## ASSIGNMENT
Would you please set down the data again exactly as given, excluding the pictures?

## SUPPLIED MATERIAL
--- --- ---
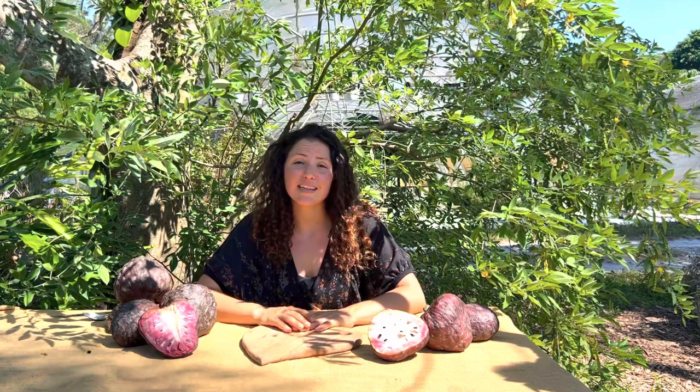Thank you so much for watching. If you've ever tried these fruits before, please let us know in the comments below. And if you've never tried them, then come on out to our fruit stand in Davie, Florida, and you can try some out. We have tons of other tropical fruits that are in season.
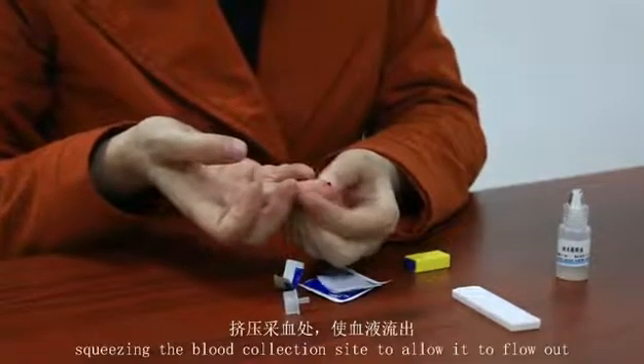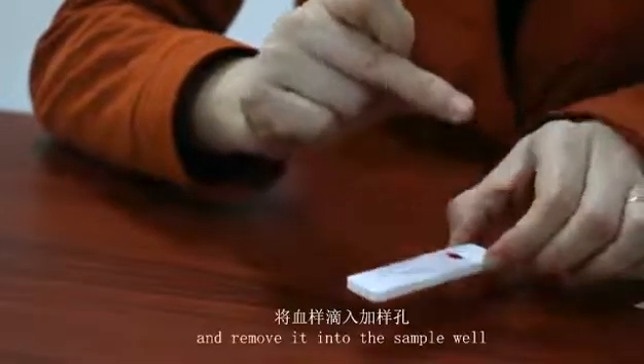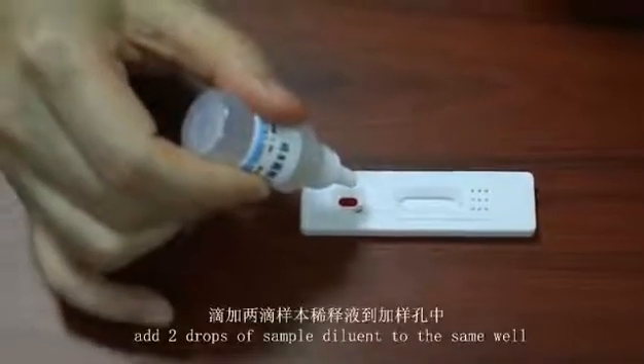Squeeze the blood collection site to allow it to flow out and remove it into the sample vial. Add two drops of sample diluent to the well.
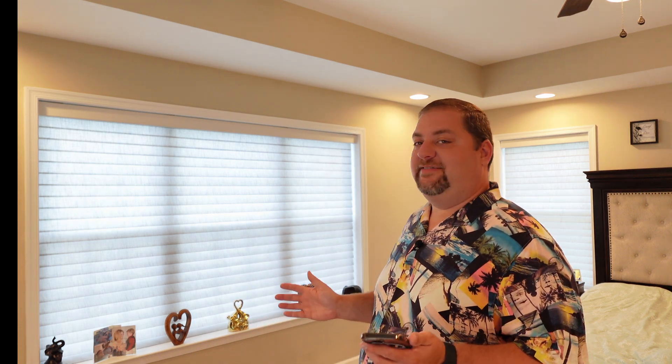The next super easy automation involves blinds — Magic Blinds throughout our master bedroom. What we have these do is at a certain time, Monday through Friday, they go ahead and open up and start letting sunlight in. We don't have them open all the way; we just have them turn so that the sheers are showing and it lets some sunlight in without being too much.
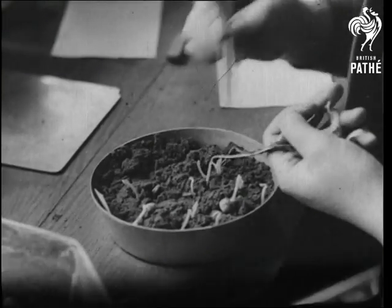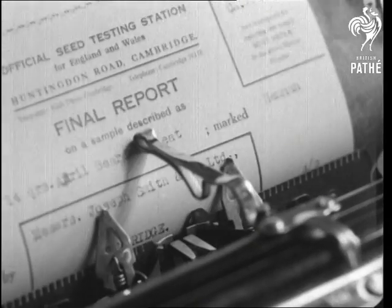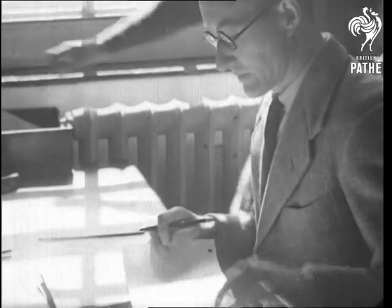And so to the final report on both tests, for purity and germination. These details are of vital importance to farmers, to those of us who run a kitchen garden, and in fact to all who eat.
--- --- ---
## TASK OUTPUT
Thank you so much for watching. If you've ever tried these fruits before, please let us know in the comments below. And if you've never tried them, then come on out to our fruit stand in Davie, Florida, and you can try some out. We have tons of other tropical fruits that are in season.
Squeeze the blood collection site to allow it to flow out and remove it into the sample vial. Add two drops of sample diluent to the well.
The next super easy automation involves blinds — Magic Blinds throughout our master bedroom. What we have these do is at a certain time, Monday through Friday, they go ahead and open up and start letting sunlight in. We don't have them open all the way; we just have them turn so that the sheers are showing and it lets some sunlight in without being too much.
And so to the final report on both tests, for purity and germination. These details are of vital importance to farmers, to those of us who run a kitchen garden, and in fact to all who eat.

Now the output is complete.